Task goal :: Write out the records word for word, with no pictures.

Image-caption web data
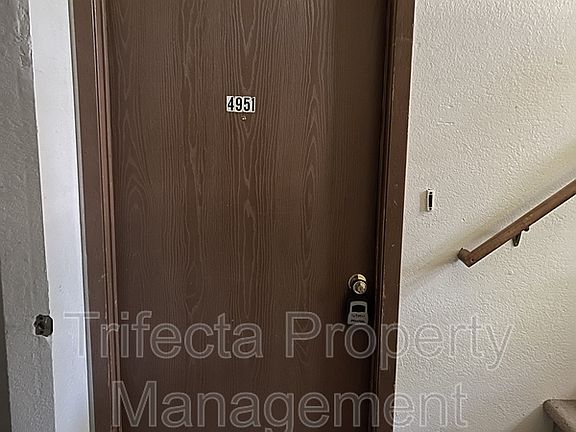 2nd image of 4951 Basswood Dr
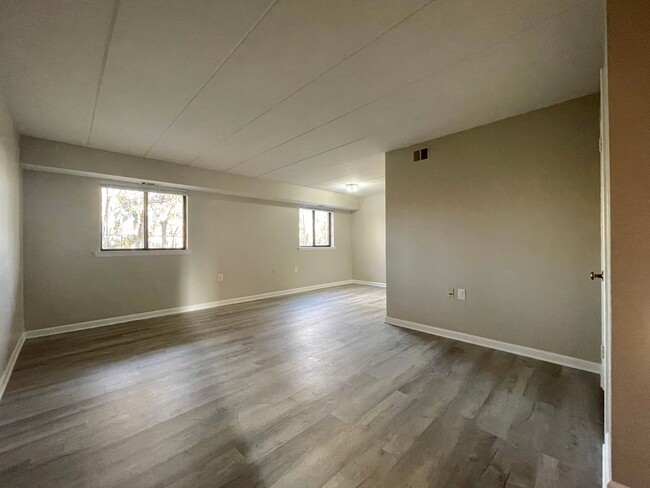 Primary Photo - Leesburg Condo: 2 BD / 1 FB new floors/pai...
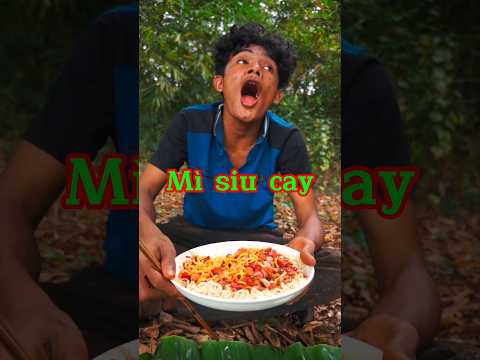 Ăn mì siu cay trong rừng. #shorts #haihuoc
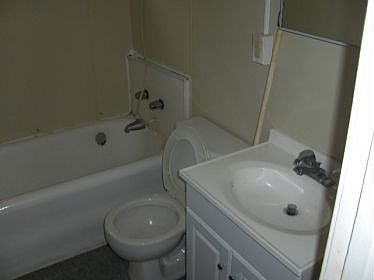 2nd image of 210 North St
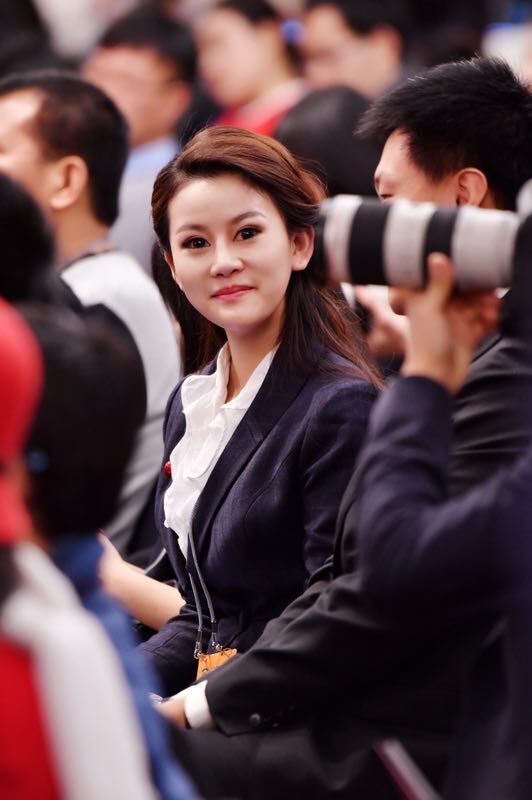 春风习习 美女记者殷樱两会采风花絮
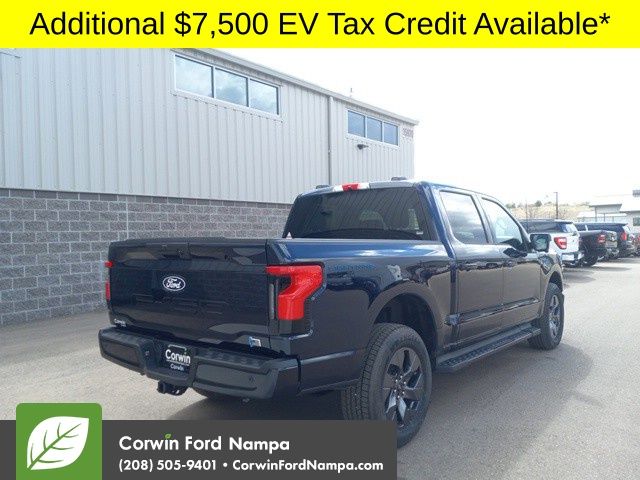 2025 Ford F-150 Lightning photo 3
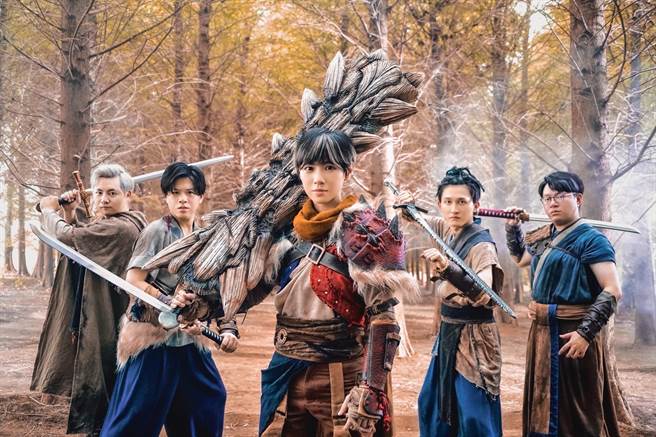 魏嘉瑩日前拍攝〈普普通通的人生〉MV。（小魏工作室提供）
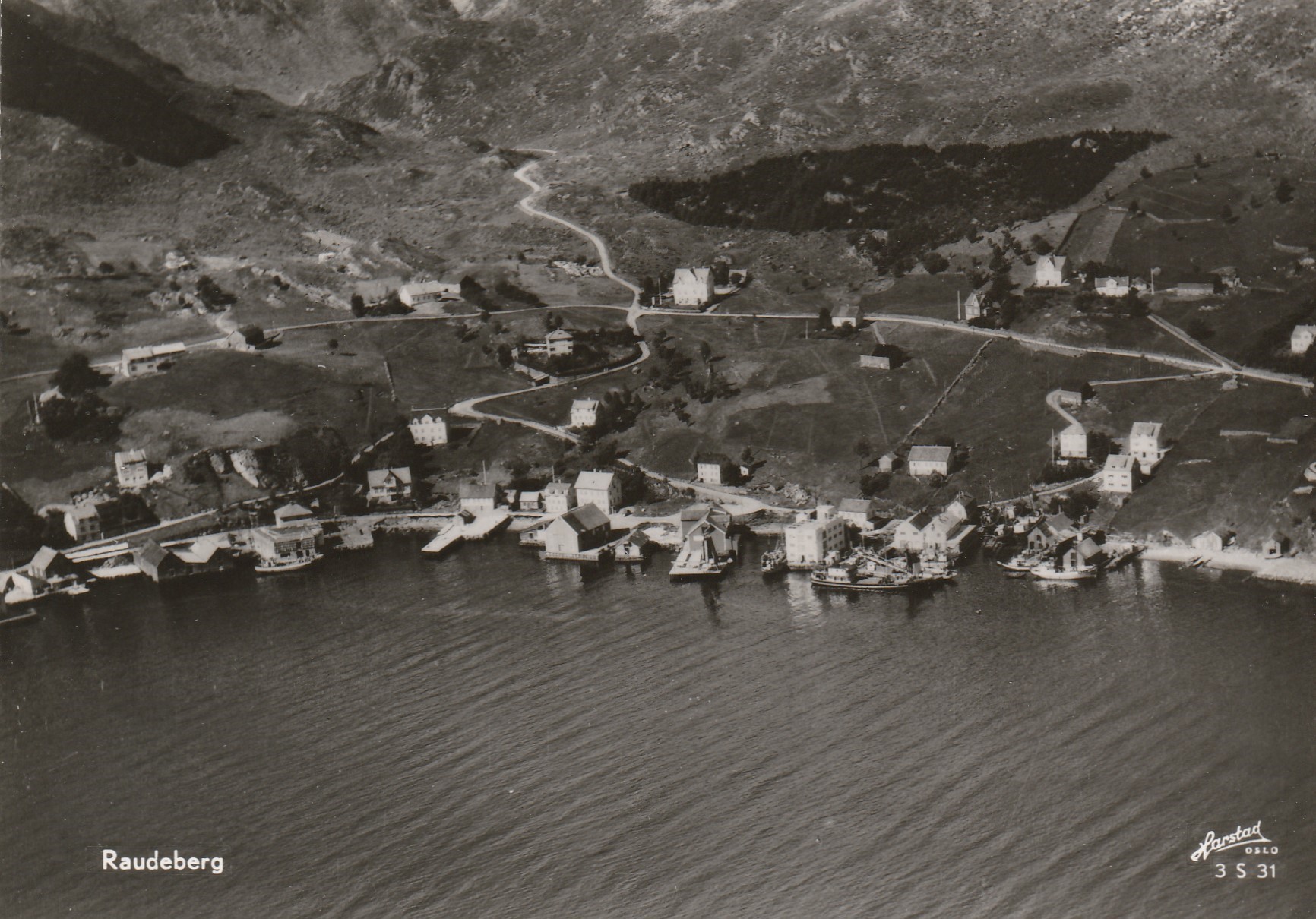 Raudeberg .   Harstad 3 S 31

Exercise answer ::
 2nd image of 4951 Basswood Dr
 Primary Photo - Leesburg Condo: 2 BD / 1 FB new floors/pai...
 Ăn mì siu cay trong rừng. #shorts #haihuoc
 2nd image of 210 North St
 春风习习 美女记者殷樱两会采风花絮
 2025 Ford F-150 Lightning photo 3
 魏嘉瑩日前拍攝〈普普通通的人生〉MV。（小魏工作室提供）
 Raudeberg .   Harstad 3 S 31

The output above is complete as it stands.